"Everybody does not work—for money, I mean," said Alfred. "Some people are gentlemen and ladies."
"If you call idlers gentlemen and ladies, we do not agree as to terms; but if you mean, as I suppose you do, that some people, especially a large proportion of women and girls, do not formally receive a definite amount of money for a definite amount of work, that is true. Don't you think, though, that mothers and sisters and wives, who keep house, take care of little children, do all the family sewing, care for the sick, and attend to the many details of a woman's life, work?—yes, do a great deal of work for a very small amount of living? Think of your mother for a moment."
"Yes, sir; I see."
"And," continued his uncle, "when ladies devote themselves faithfully to good works, Sunday-school work, work among the poor, teaching, etc., they are as really working for their living as if they were in a factory."
"It doesn't seem so."
"No, it doesn't seem so, because we have wrong ideas about the nobility of labor. If we really believed what the Bible says,—that the servant of all is the chiefest of all,—we should value work and workmen just in proportion to the use which the work they do is to the community and the world. In that sense, Alfred, a doctor's work or a minister's work might stand a little higher than a manufacturer's, a teacher's position be more desirable than that of a factory-girl, because in all of these professions there is more opportunity to do good to the bodies and souls of men; and yet I doubt if any are in a position to do more good than your Mr. James Mountjoy and his family. And as to being gentlemen or ladies, it is just as much your duty and just as possible to be those in the rag-room as in a palace, should your lot be cast there."

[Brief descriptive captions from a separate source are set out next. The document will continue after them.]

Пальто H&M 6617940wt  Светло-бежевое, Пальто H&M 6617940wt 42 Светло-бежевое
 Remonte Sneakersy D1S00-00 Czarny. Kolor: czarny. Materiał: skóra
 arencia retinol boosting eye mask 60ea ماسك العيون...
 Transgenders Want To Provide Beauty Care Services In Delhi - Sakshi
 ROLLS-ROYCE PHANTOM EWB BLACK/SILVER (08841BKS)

"It is not considered so genteel," said Tessa, who had not quite forgotten the teachings of her novels.
"By whom? Foolish butterflies? or men and women of sense? Gentility meant, originally, gentleness: that gentleness which better opportunities of education were supposed to give. But so much culture as that is now within the reach of every one, and there is no reason why it should not exist in the mill and the counting-room, the kitchen and the store, as well as in the parlor and the library."
"But after all," said Mrs. Robertson, "there seems something low and sordid in working for money."
"That is because we should not work for money—as the motive of work, I mean. If every one in the world were a Christian, and did the work which came to him to do, upon Bible principles, endeavoring to fulfil the precept: 'Whether ye eat or drink or whatsoever ye do, do all to the glory of God,' and accepted his living, small or great, from his hands, just as a little child accepts his from his father's hands, we should hear nothing about the degradation of service. Every one would constantly say: 'Lord, what wilt thou have me to do?' And we should take our daily bread, as well as all the pleasant things of our lives, thankfully from him who has given us all things to enjoy."